Once you have set up an account at your investment brokerage of choice, it’s time to decide on the stock investing strategy that best fits with your investor profile.

Here are the best DIY stock investing strategies to consider when investing in the stock market:

1a. Index Investing

Index investing is a passive stock investing strategy where a portfolio of stocks is constructed to mimic the performance of the stock market as a whole. It is a tried and true investing strategy and is arguably one of the best ways to invest money for a majority of Canadians.

In practice, index investing involves purchasing exchange-traded funds (ETFs) that track the performance of a particular index or market sector. These ETFs have low management fees and expense ratios since they are not being actively managed like mutual funds. It also provides exposure to a broad range of stocks, which can help to reduce risk.

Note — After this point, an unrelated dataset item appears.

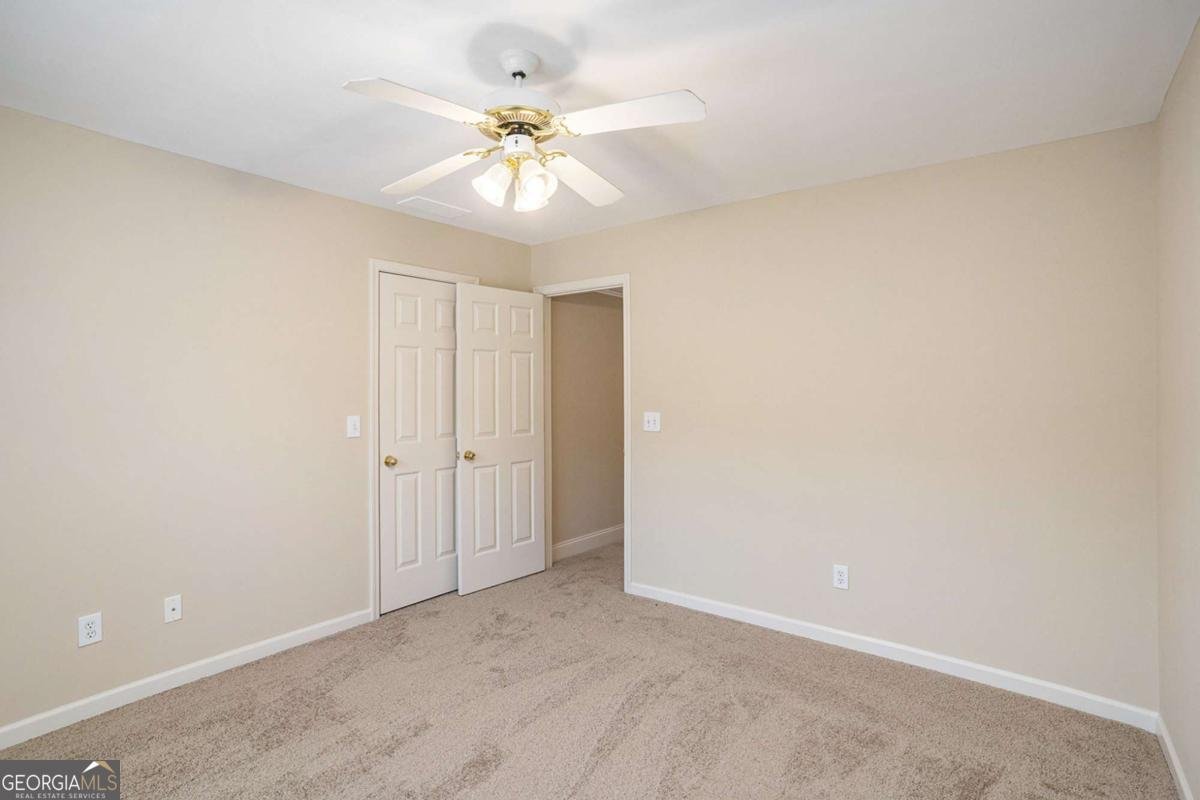 3095 Brombley Drive Conyers - 21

The great thing about index investing is that it is extremely practical to implement with all-in-one asset allocation ETFs, which allows you to efficiently perform this strategy with just a single ETF.

All-in-One ETFs provide global and diversified exposure with just a single fund. They are some of the most popular ETFs in Canada that strike a great balance between simplicity, cost, and returns. There are different options available based on your risk tolerance.

Crowd favourites include Vanguard’s All-Equity and Growth ETF Portfolios (VEQT and VGRO), as well as iShares’ Core Equity and Growth Portfolios (XEQT and XGRO).

To learn more about the all-in-one ETFs available for Canadians, see our Best All-in-One ETFs in Canada article.

Not only is index investing less time consuming and less complex than strategies like stock picking and market timing, but studies show that index investing frequently outperforms almost all other stock market strategies, such as picking individual stocks and buying mutual funds.

For the average Canadian with a busy schedule and limited time in the day, index investing offers perhaps the most ideal blend of simplicity, risk, and return.

Consider index investing when: Investing for the medium to long-term (e.g. retirement or saving up for a distant goal), you want a simple and effective way to invest your money, you want to take advantage of tax-sheltered accounts.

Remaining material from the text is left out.